Particule d'être humain sur la plate forme terrestre, point sur la carte, fleur dans le champs, il marche, encore. Sans vraiment s'en apercevoir, il passe la sortie du lycée et s'engage dans l'allée. Il marche les yeux baissés, capturés autre part. Les pieds dans un monde, la tête dans un autre. Le corps dans une vie qui n'est pas la sienne, la peau brillante sous le soleil. Il marche. Et il lit en même temps qu'il marche. Le livre ouvert, le regard dessus, la tête dedans. Et rien d'autre. Rien à part Mozart dans son casque. Le classique transcende le code de leur banalité. Et TaeHyung est transporté. Il est emporté ailleurs par le livre que JungKook lui a donné. Il l'a commencé la veille, il en est à la moitié. Et il lit tout en s'imaginant que c'est lui qui le lit. Et il le lit en imaginant que l'auteur est en train de l'écrire, maintenant. Et il le lit tout en étant l'auteur puis les personnages, puis les deux en même temps. Parce que ce livre c'est l'histoire de l'auteur. Ce livre c'est Sur la route de Kerouac. Et c'est l'histoire d'un homme qui a vécu tellement.

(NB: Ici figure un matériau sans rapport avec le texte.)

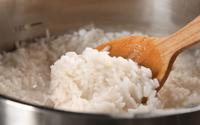 Essa é a quantidade certa de arroz que você deve fazer para não sobrar e ficar rolando na geladeira!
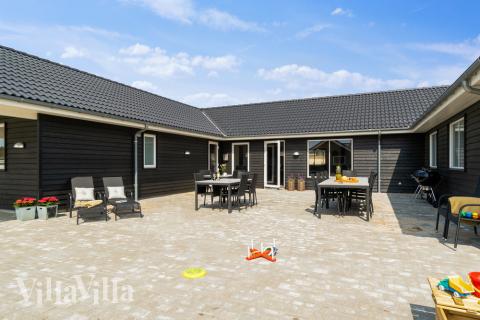 Stor terrass i lyxstuga nr 457 i Vestjylland.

TaeHyung traverse l'allée du lycée en lisant. Le soleil éclaire son pull aux motifs étranges, ses bras et ses mains et ses doigts puis le livre au centre de tout. Les gens se retournent parfois, pour le voir passer. Et TaeHyung continue de marcher sans les remarquer. La musique s'emballe. Les violons, puis les harpes, puis les flûtes enchantées, puis tout mélangés. Les mots sont un orchestre et les instruments un roman. Rien à comprendre. Rien à expliquer. Et TaeHyung se voit forcé de se détacher de l'histoire pour la ranger dans son sac et récupérer son vélo. Il monte dessus et le morceau change. Et quand il rentre chez lui à une allure calme, le monde change aussi. Le vent affleure contre son visage, soulève ses cheveux. Une chaleur encore fraîche s'étend sous le soleil très jaune, un peu blanc. TaeHyung voit la route défiler, furieuse qu'elle est. TaeHyung pense avancer sur une route de mots. C'est la vie qui se déroule sous ses roues. Furieuse qu'elle est. Alors il accélère. Il ne sait pas tellement pourquoi mais il accélère. Et le monde change encore. Le monde n'arrête pas de changer.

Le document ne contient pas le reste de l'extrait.